(Image-text web data)

******

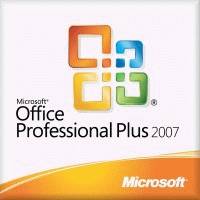 программное обеспечение Microsoft Office Professional Plus 2007 79P-00392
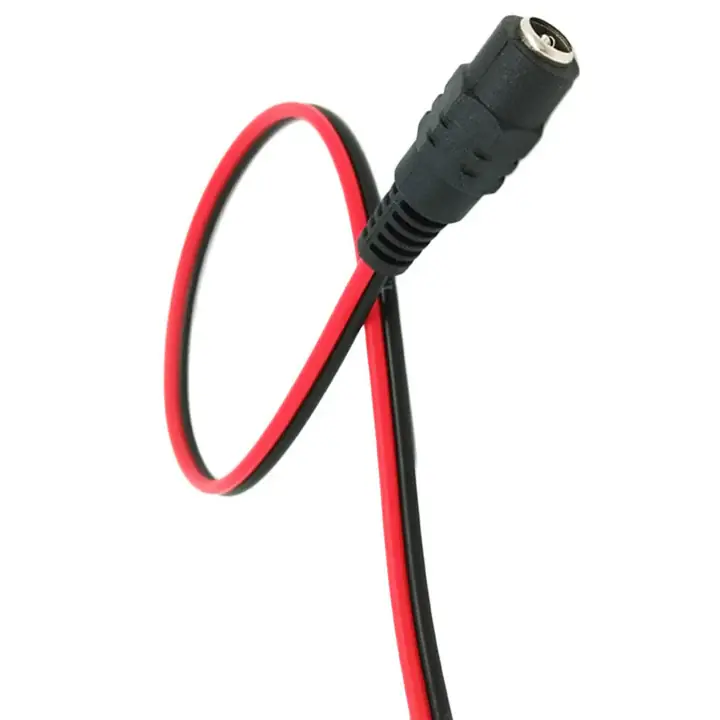 2.1mm Kablolu Jak Dişi
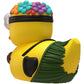 Minions Tubbz Mini Figura PVC Dave Hawaii Paradise 5 cm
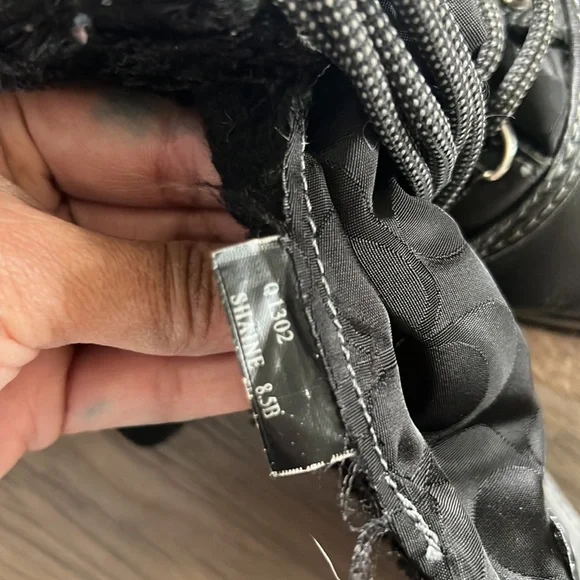 Coach rain boots - Picture 9 of 9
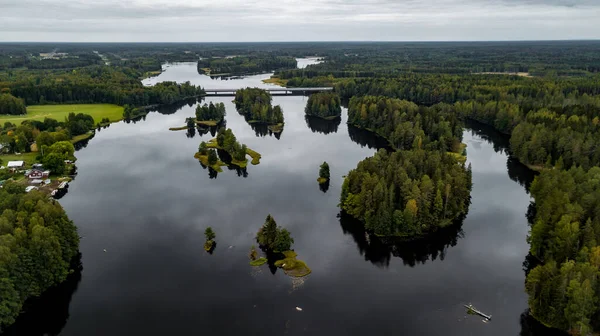 Finland Land Thousand Lakes — Stock Photo, Image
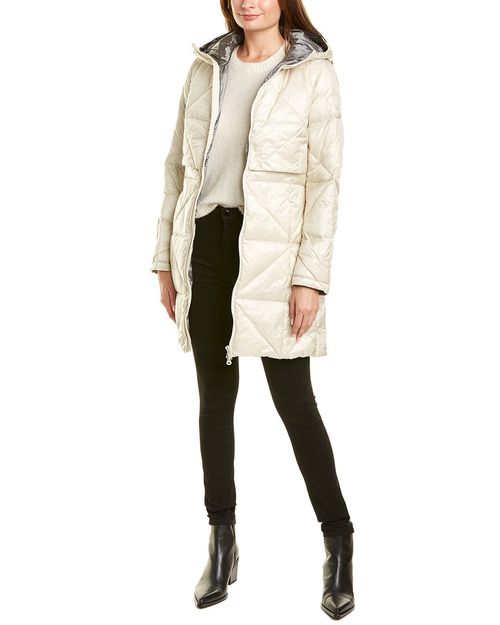 Quilted Storm Flap Jacket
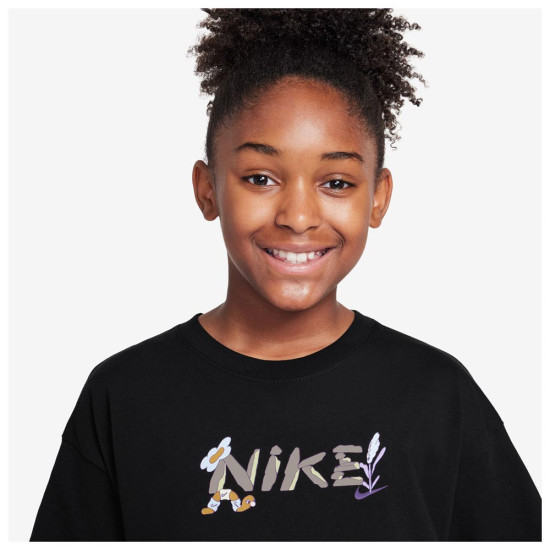 Nike Παιδική κοντομάνικη μπλούζα Sportswear Seasonal Story Tee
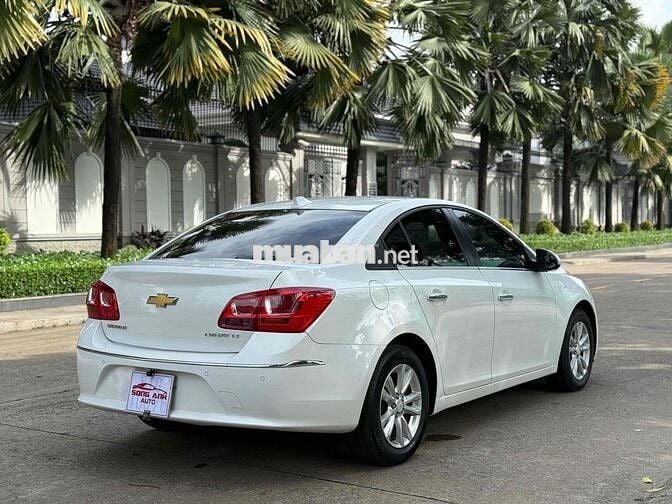 🚘Chevrolet Cruze 2017 LT 1 chủ siêu đẹp🚘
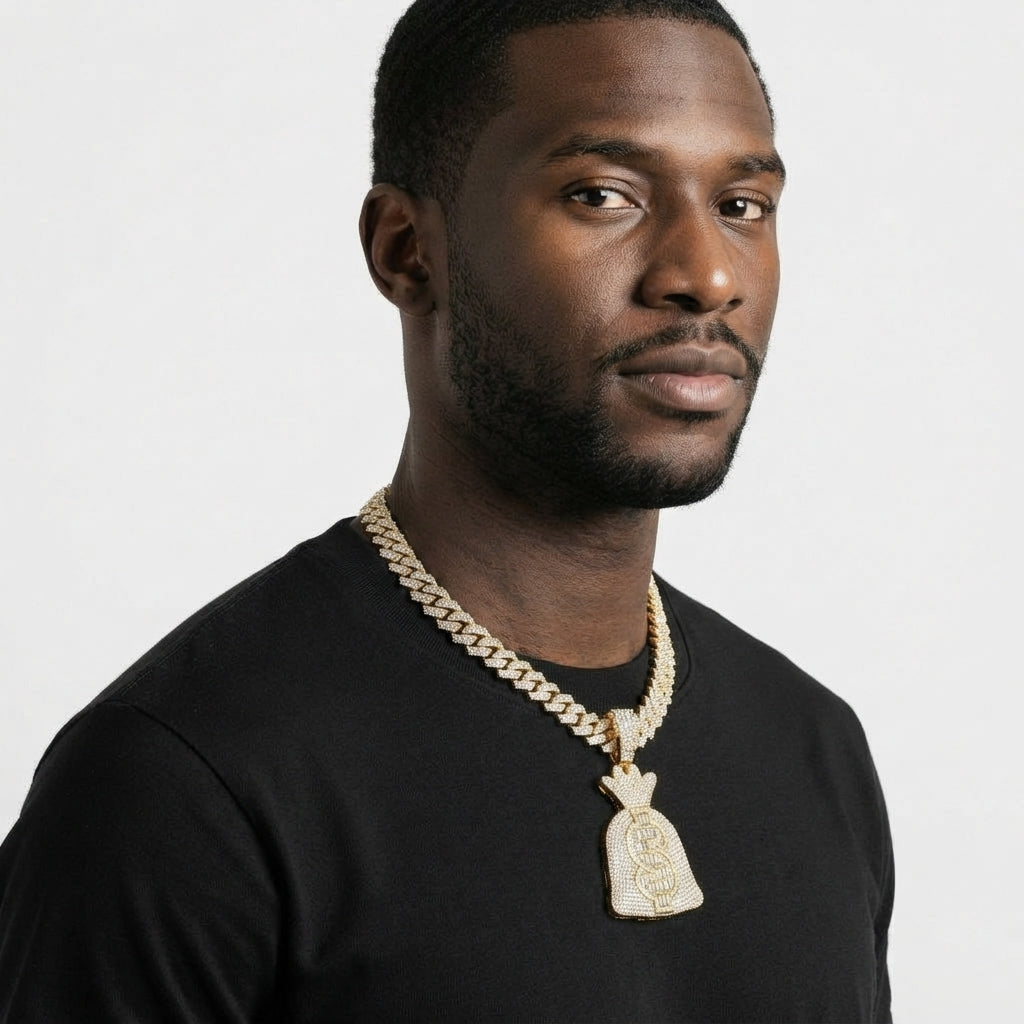 Money Bag Necklace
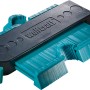 wolfcraft Konturenlehre für Laminat und Designboden, blau/schwarz. Werkzeug zum Übertragen von Konturen.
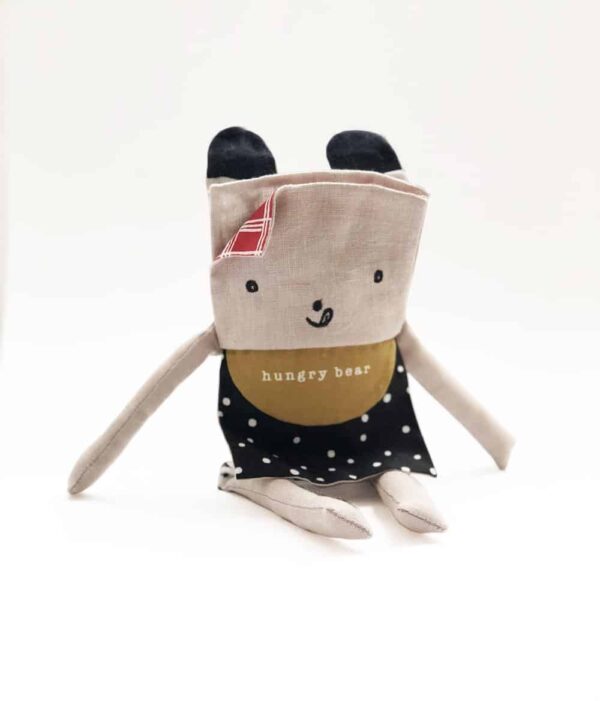 Wee Gallery Flippy Friend Bär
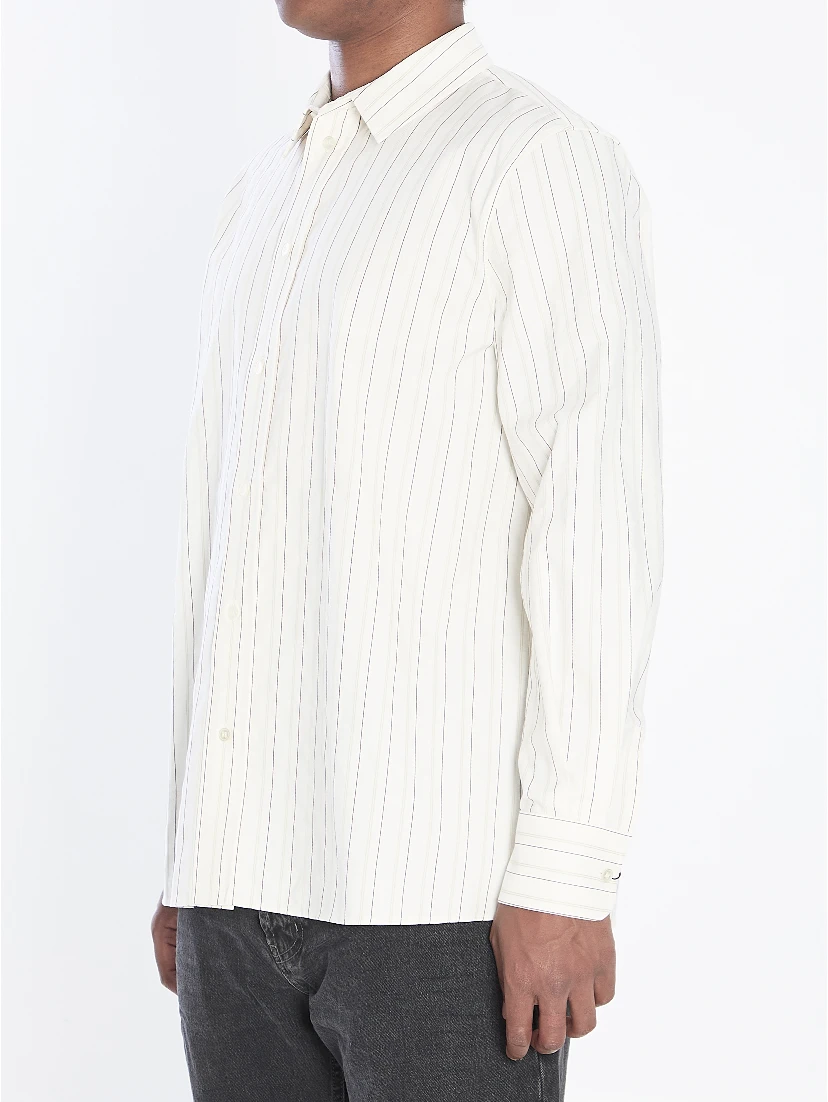 Cassandre shirt in striped cotton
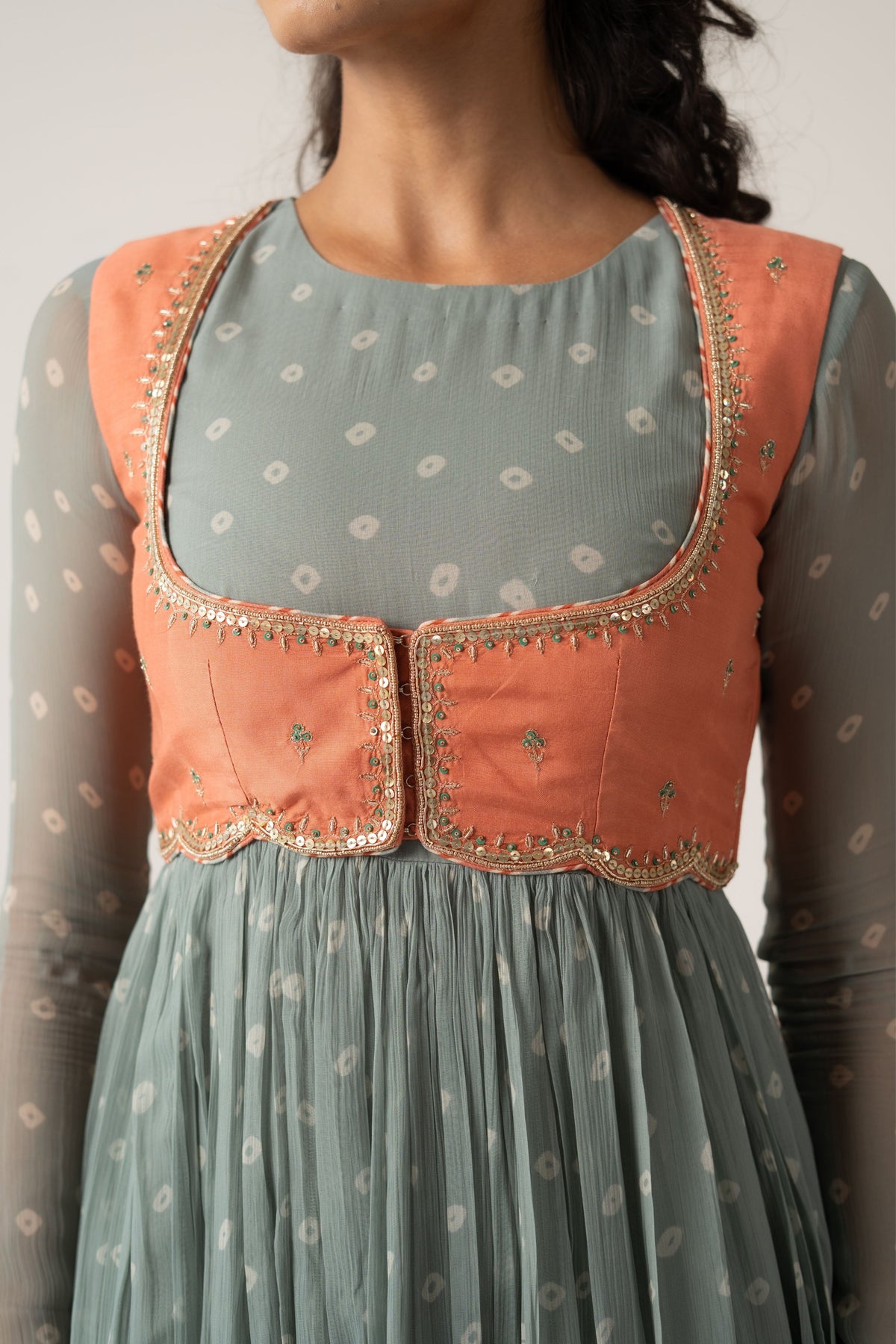 Nayab Anarkali Set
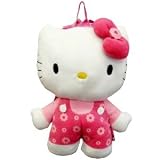 Hello Kitty Plush Backpack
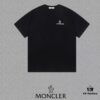 Mon*cle MO*CLER Embroidered Premium Version Short Sleeve T-Shirt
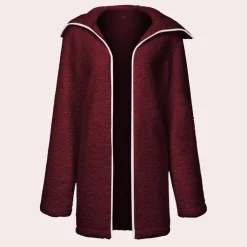 Jassen Dames*CADENCE - Modieus Zomer Capuchonjack voor Dames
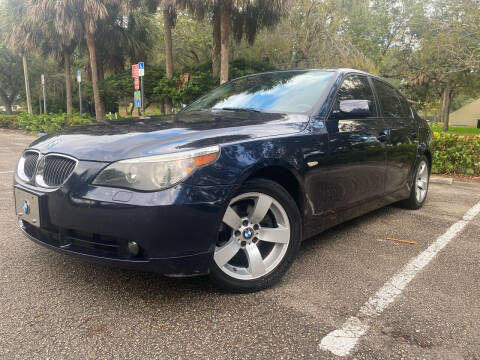 2007 BMW 5 Series for sale at Paradise Auto Brokers Inc in Pompano Beach FL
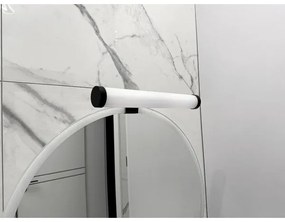 Lampada a LED per specchio da bagno 8W/230V 30 cm IP44 nero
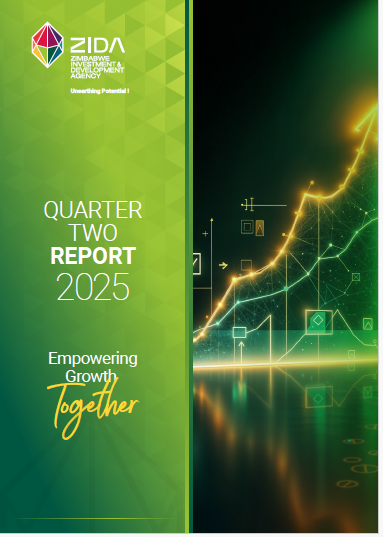 zidainvest's tweet photo. Q2 2025 saw strong investor interest and the operationalisation of a key protection mechanism. We issued 190 new licences worth US$2.47B.” — Tafadzwa Chinamo
Read the full ZIDA Q2 Report: https://t.co/tbMU8UqGv0
#ZIDA #Investment #ZimInvests https://t.co/3miINAI4ND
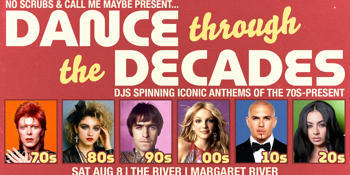 Dance Through The Decades - Margaret River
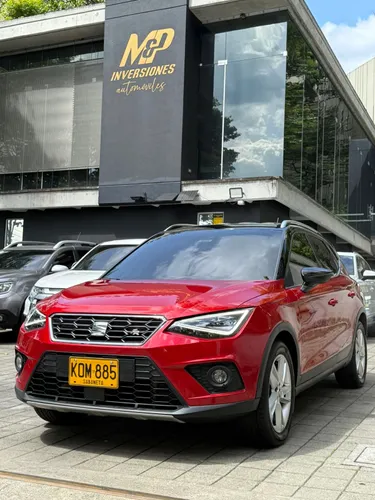 Seat arona fr 2022 automatica 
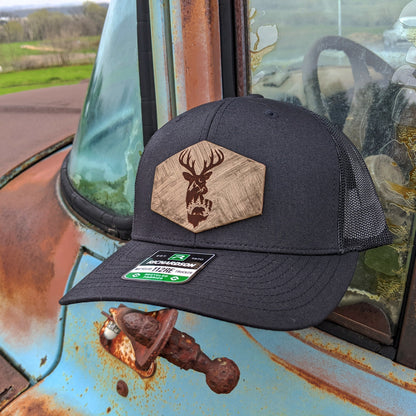 Deer Scenic Richardson Snapback Hat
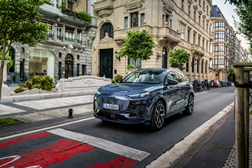 Audi Q6 e-Tron alcança pontuação máxima em termos de segurança - Testes Euro NCAP com 5 estrelas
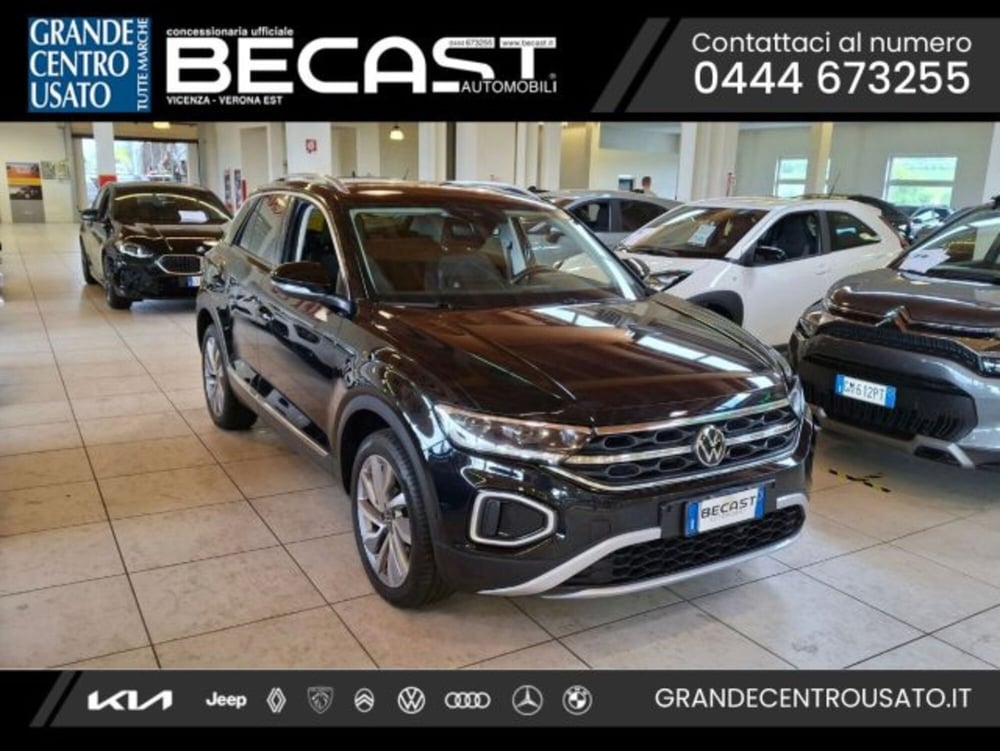 Volkswagen T-Roc usata a Vicenza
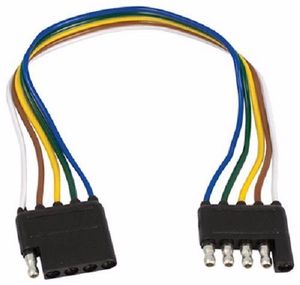 فتح مربع سحب جاهز 5 طرق شقة سحب السيارة وصلة مقطورة عظم الترقوة نهاية الأسلاك تسخير - Product Image 1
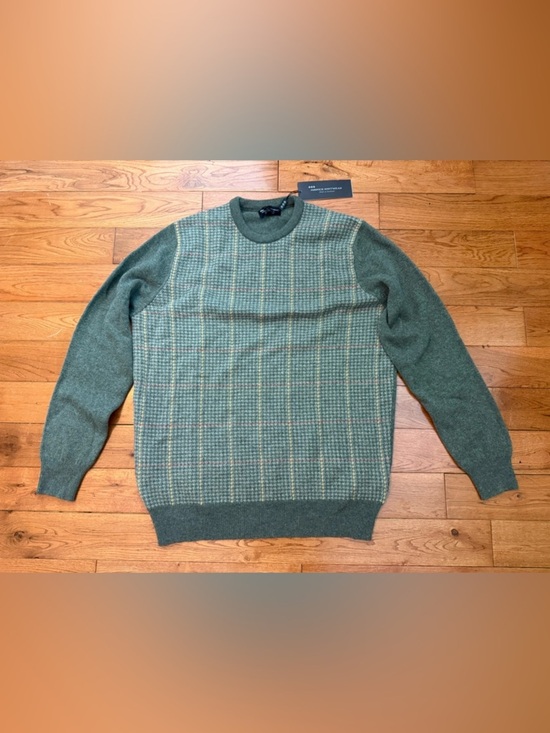 Hawick Knitwear Other - Hawick Knitwear 100% Lambswool Sweater NWT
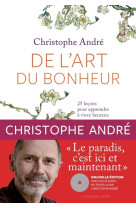 DE L-ART DU BONHEUR NED +CD - Christophe André - ICONOCLASTE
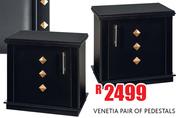 Venetia Pair Of Pedestals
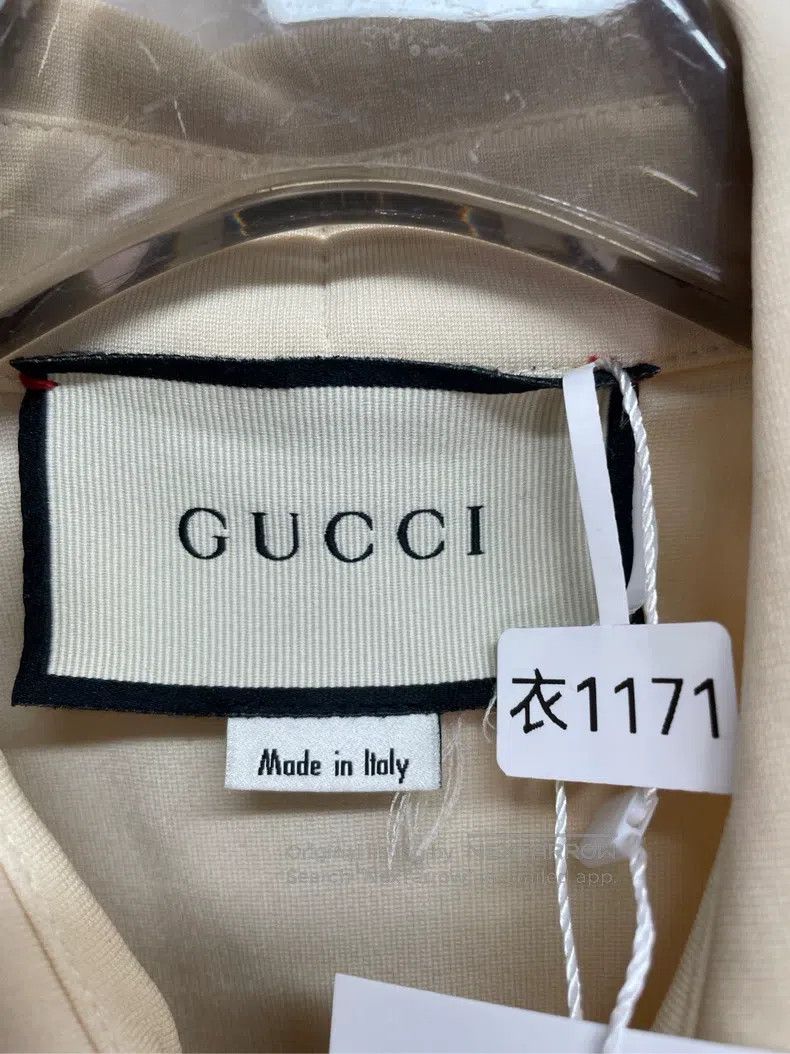 Gucci Gucci White lace dress Size M / US 6-8 / IT 42-44 - 4 Thumbnail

******

_DIRECTIONS FOR THIS TASK_
Gather up the lines containing the word "https" from these records and copy them.

_SOLVED PROBLEM_
Read the full ZIDA Q2 Report: https://t.co/tbMU8UqGv0
#ZIDA #Investment #ZimInvests https://t.co/3miINAI4ND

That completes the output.